**What the exercise asks:**
Which lines of the entries below run from the one holding "005-4032-049 Fender CTS" to the one holding "CYMA CM035 AKS74UN", inclusive? Set down exactly those lines and no others.
----- Data shown
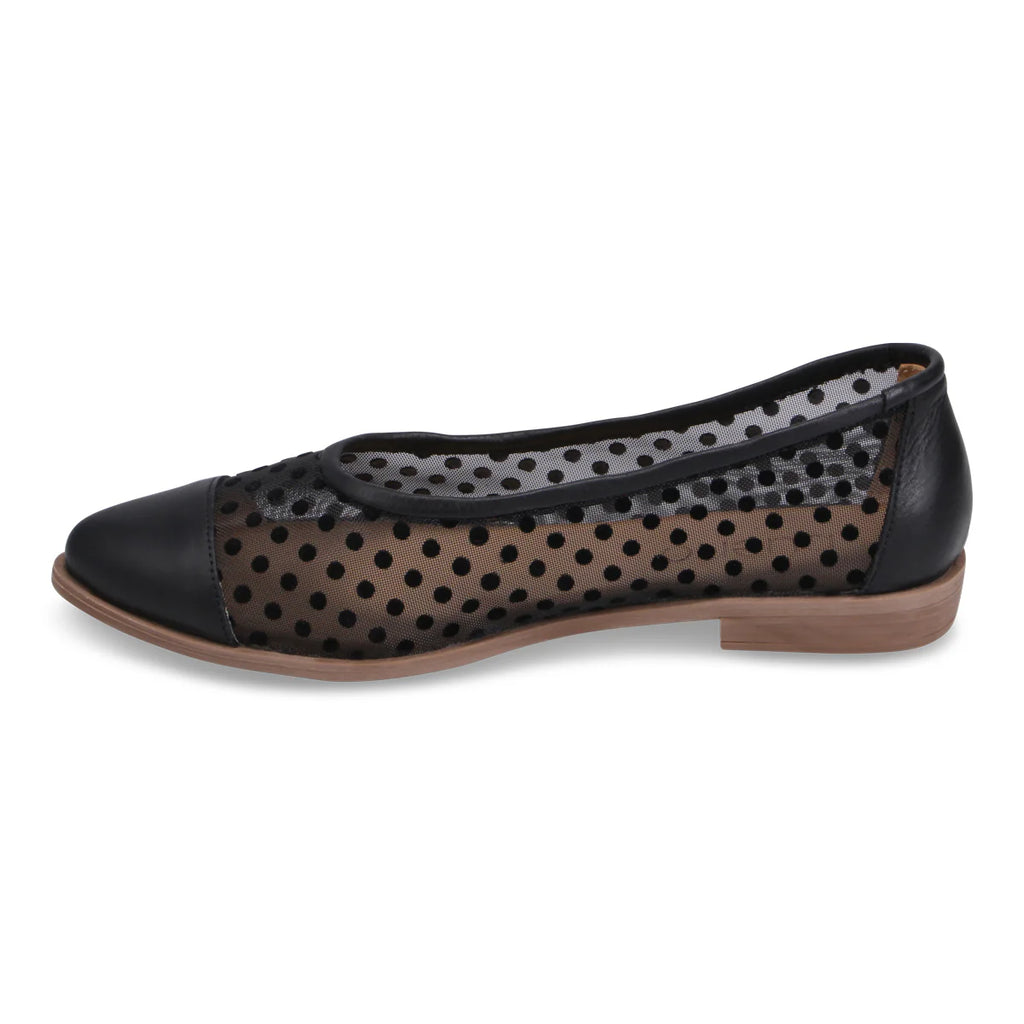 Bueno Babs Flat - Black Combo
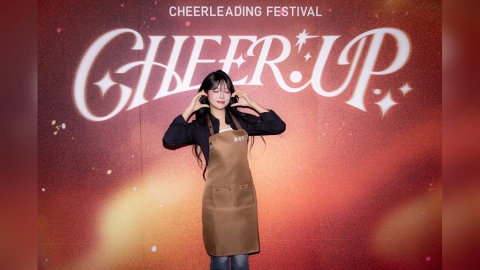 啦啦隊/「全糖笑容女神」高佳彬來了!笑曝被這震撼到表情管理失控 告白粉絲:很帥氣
----------
----- Data shown
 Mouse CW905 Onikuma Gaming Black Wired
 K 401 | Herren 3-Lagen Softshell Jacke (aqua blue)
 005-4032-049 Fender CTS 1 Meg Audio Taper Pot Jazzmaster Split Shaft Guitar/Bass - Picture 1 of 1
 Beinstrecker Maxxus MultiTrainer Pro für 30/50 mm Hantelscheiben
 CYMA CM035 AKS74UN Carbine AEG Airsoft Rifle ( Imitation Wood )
----------
**Exercise result:**
 005-4032-049 Fender CTS 1 Meg Audio Taper Pot Jazzmaster Split Shaft Guitar/Bass - Picture 1 of 1
 Beinstrecker Maxxus MultiTrainer Pro für 30/50 mm Hantelscheiben
 CYMA CM035 AKS74UN Carbine AEG Airsoft Rifle ( Imitation Wood )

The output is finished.